** Description of the task **
In the records below, reproduce exactly the lines from the one containing "birds eye view" through the one containing "A modern kitchen", both included, and omit the pictures.

** Entries supplied **
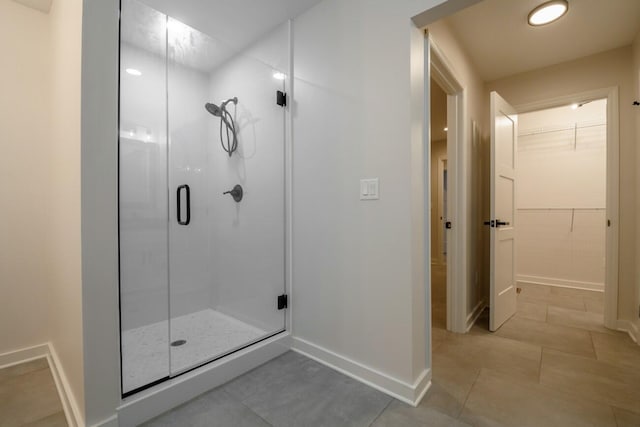 bathroom with tile patterned flooring and an enclosed shower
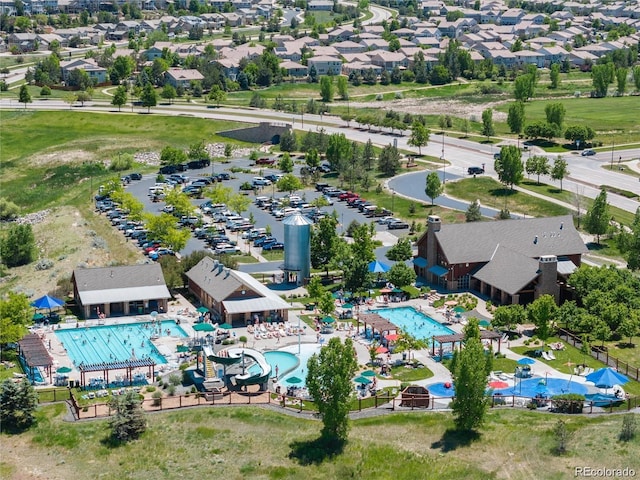 birds eye view of property with a residential view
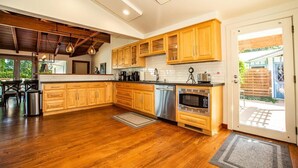 A modern kitchen with wooden cabinets, stainless steel appliances, and a large island.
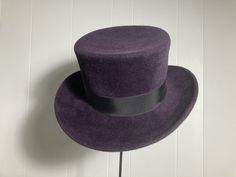 "Top Hat / Purple Fur Felt Hand-blocked and hand stitched by me Welted brim edge with invisible stitching to hold it in place  Size: L (58cm) 23 3/4\" circumference Height: 11.5 cm / 4.5\" tall* Brim (flared, lower part of the hat): 4.5cm wide Top of the crown: 62cm circumference Materials: fur felt, grosgrain ribbon *Up to 6\" for custom order @ extra charge Custom orders turnaround from 1 to 3 weeks depending on material availability. Please feel free to contact me." Fitted High Crown Felt Hat For Fall, High Crown Fur Felt Fedora For Winter, Winter High Crown Fur Felt Fedora, High Crown Fur Felt Hat For Winter, Winter High Crown Fur Felt Hat, Fitted Fur Felt Fedora With High Crown, High Crown Fur Felt Fedora, Fitted High Crown Fur Felt Fedora, Winter Fur Felt Fitted Hats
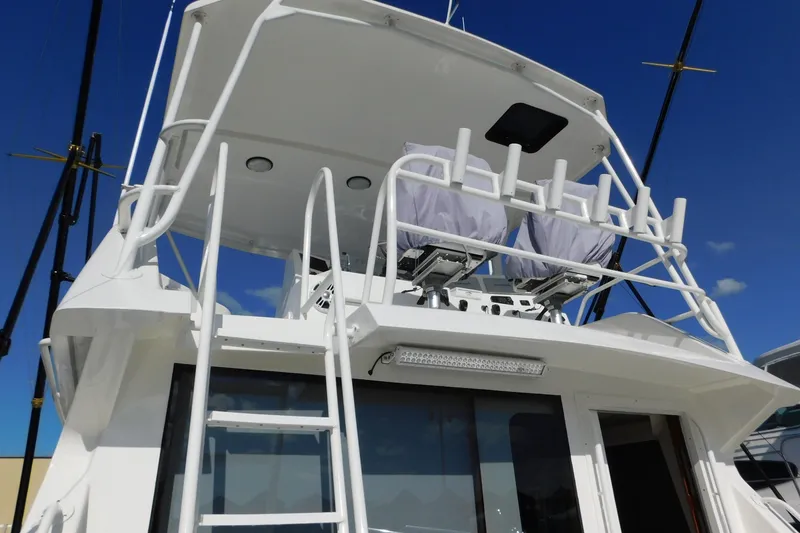 Slide: The Image of 1996 Viking 50 Convertible yacht with upper deck and ladder under clear blue sky. - 7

** Result of the task **
 birds eye view of property with a residential view
 A modern kitchen with wooden cabinets, stainless steel appliances, and a large island.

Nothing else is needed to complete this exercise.